WCBA - Richard Sheirer on Lessons for Leaders from 9/11

Richard SheirerAt the World Congress for Business Analysts (WCBA) in Disneyland today, Richard Sheirer from Guilani Partners shared lessons learned from 9/11.  Richard was the director of New York City’s Office of Emergency Management (OEM) at the time of the crisis. 

His message was that there are similarities between the business community and public safety.  He stated that planning, preparing, practicing and execution are as important in public sector as in the business sector.  In addition, communication is the key to success during a crisis.

In terms of practicing, Richard noted that simulating events is critical and that NYC held drills and simulations for many different potential castastrophes - and that practice was critical to their response on 9/11.

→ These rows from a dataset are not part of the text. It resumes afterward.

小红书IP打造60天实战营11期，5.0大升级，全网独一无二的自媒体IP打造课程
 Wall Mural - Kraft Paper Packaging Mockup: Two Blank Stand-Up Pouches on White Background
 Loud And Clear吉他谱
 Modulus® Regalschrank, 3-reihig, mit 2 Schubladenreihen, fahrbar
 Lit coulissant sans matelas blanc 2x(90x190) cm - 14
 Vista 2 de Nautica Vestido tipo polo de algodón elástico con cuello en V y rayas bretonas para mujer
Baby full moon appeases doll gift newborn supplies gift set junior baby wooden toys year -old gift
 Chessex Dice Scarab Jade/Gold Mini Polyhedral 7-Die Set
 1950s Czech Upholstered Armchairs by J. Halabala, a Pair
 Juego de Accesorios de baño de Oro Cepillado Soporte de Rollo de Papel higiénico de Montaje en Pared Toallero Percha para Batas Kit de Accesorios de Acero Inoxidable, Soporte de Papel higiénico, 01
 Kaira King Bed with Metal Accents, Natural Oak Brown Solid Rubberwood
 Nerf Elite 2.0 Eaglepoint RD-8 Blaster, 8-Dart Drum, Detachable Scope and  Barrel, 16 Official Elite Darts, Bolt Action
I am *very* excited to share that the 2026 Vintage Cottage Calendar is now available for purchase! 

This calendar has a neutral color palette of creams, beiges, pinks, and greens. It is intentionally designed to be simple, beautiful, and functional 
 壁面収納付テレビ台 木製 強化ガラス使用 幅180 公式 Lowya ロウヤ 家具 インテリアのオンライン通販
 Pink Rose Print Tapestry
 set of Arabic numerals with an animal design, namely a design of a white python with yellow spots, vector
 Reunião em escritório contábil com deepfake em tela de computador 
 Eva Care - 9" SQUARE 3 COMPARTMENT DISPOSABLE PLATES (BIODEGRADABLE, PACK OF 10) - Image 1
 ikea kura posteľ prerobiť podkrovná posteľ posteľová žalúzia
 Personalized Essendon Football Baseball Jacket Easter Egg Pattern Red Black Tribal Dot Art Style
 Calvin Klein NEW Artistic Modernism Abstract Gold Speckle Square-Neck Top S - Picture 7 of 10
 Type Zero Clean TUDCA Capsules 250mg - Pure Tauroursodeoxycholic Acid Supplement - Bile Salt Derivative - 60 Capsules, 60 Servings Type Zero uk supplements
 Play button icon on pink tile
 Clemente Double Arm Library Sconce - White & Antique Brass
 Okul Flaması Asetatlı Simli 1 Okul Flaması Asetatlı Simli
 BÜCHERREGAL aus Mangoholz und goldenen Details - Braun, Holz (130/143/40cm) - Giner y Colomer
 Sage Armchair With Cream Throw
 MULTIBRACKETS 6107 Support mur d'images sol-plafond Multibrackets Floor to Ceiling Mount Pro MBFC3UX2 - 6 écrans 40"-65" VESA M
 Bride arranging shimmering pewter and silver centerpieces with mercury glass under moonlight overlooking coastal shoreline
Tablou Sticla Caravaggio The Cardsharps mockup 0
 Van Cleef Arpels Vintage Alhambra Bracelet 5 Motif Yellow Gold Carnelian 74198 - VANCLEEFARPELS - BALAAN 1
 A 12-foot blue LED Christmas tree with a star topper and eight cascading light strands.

Before concluding with a photo montage from Ground Zero, Richard highlighted 10 lessons from the events of 2001:

  1. think the unthinkable
  2. factor in for Murphy’s Law
  3. appreciate that catastrophic events don’t recognize turf
  4. accept policies over reason/science
  5. be prepared for the knucklehead factor
  6. value and encourage strong leadership 
  7. rely on your frames of reference
  8. appreciate the need for redundancy and think outside the box
  9. recognize the importance of communication
  10. commit to relentless preparation and practice

Richard wrapped up by saying that America and American companies are and will continue to be major terrorist targets - they will likely strike something unlikely and we can never let our guard down.  Natural disasters like Katrina and the Southern California wildfires will pose greater threats.  Finally, planning, preparation, and practice contributes to prevention.